What the task requires - Could you write out the data that follows, exactly and in full?

Data records Block Start

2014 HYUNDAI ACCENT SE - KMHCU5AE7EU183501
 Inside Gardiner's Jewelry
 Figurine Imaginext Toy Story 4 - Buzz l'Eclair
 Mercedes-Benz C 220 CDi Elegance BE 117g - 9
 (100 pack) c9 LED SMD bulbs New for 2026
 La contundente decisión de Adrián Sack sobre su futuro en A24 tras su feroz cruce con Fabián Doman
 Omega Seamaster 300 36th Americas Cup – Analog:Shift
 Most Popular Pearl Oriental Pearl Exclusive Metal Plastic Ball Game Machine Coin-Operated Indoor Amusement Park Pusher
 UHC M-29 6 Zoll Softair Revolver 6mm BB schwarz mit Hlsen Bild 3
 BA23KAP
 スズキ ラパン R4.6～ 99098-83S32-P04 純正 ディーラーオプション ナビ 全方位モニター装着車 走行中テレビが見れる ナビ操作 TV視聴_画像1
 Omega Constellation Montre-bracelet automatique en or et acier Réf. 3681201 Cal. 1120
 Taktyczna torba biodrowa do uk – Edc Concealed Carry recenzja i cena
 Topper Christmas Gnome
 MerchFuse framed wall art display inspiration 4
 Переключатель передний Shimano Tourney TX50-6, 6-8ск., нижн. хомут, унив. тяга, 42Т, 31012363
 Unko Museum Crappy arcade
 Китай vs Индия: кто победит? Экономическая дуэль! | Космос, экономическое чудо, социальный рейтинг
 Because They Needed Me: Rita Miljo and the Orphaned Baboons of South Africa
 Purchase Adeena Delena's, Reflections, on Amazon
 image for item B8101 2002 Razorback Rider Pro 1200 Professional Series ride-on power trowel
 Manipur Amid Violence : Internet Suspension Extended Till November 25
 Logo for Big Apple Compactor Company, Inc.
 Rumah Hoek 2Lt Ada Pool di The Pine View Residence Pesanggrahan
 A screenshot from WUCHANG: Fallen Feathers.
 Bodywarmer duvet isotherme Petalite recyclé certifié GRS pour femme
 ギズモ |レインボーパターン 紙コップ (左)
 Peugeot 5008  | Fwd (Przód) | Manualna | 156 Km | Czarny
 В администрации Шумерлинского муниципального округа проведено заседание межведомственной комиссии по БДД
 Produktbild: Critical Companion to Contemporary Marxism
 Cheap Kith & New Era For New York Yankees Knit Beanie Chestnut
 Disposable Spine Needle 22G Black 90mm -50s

Data records Block End

Result of this exercise -
2014 HYUNDAI ACCENT SE - KMHCU5AE7EU183501
 Inside Gardiner's Jewelry
 Figurine Imaginext Toy Story 4 - Buzz l'Eclair
 Mercedes-Benz C 220 CDi Elegance BE 117g - 9
 (100 pack) c9 LED SMD bulbs New for 2026
 La contundente decisión de Adrián Sack sobre su futuro en A24 tras su feroz cruce con Fabián Doman
 Omega Seamaster 300 36th Americas Cup – Analog:Shift
 Most Popular Pearl Oriental Pearl Exclusive Metal Plastic Ball Game Machine Coin-Operated Indoor Amusement Park Pusher
 UHC M-29 6 Zoll Softair Revolver 6mm BB schwarz mit Hlsen Bild 3
 BA23KAP
 スズキ ラパン R4.6～ 99098-83S32-P04 純正 ディーラーオプション ナビ 全方位モニター装着車 走行中テレビが見れる ナビ操作 TV視聴_画像1
 Omega Constellation Montre-bracelet automatique en or et acier Réf. 3681201 Cal. 1120
 Taktyczna torba biodrowa do uk – Edc Concealed Carry recenzja i cena
 Topper Christmas Gnome
 MerchFuse framed wall art display inspiration 4
 Переключатель передний Shimano Tourney TX50-6, 6-8ск., нижн. хомут, унив. тяга, 42Т, 31012363
 Unko Museum Crappy arcade
 Китай vs Индия: кто победит? Экономическая дуэль! | Космос, экономическое чудо, социальный рейтинг
 Because They Needed Me: Rita Miljo and the Orphaned Baboons of South Africa
 Purchase Adeena Delena's, Reflections, on Amazon
 image for item B8101 2002 Razorback Rider Pro 1200 Professional Series ride-on power trowel
 Manipur Amid Violence : Internet Suspension Extended Till November 25
 Logo for Big Apple Compactor Company, Inc.
 Rumah Hoek 2Lt Ada Pool di The Pine View Residence Pesanggrahan
 A screenshot from WUCHANG: Fallen Feathers.
 Bodywarmer duvet isotherme Petalite recyclé certifié GRS pour femme
 ギズモ |レインボーパターン 紙コップ (左)
 Peugeot 5008  | Fwd (Przód) | Manualna | 156 Km | Czarny
 В администрации Шумерлинского муниципального округа проведено заседание межведомственной комиссии по БДД
 Produktbild: Critical Companion to Contemporary Marxism
 Cheap Kith & New Era For New York Yankees Knit Beanie Chestnut
 Disposable Spine Needle 22G Black 90mm -50s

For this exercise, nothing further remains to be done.